_Task requirements_: Your output must match the data word for word, with every line included.

- - -

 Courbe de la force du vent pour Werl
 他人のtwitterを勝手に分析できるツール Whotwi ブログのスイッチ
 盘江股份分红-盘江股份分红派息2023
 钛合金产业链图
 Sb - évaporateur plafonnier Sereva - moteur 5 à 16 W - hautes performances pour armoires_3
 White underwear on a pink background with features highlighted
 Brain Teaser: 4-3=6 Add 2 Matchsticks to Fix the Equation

- - -

_Task answer_:
 Courbe de la force du vent pour Werl
 他人のtwitterを勝手に分析できるツール Whotwi ブログのスイッチ
 盘江股份分红-盘江股份分红派息2023
 钛合金产业链图
 Sb - évaporateur plafonnier Sereva - moteur 5 à 16 W - hautes performances pour armoires_3
 White underwear on a pink background with features highlighted
 Brain Teaser: 4-3=6 Add 2 Matchsticks to Fix the Equation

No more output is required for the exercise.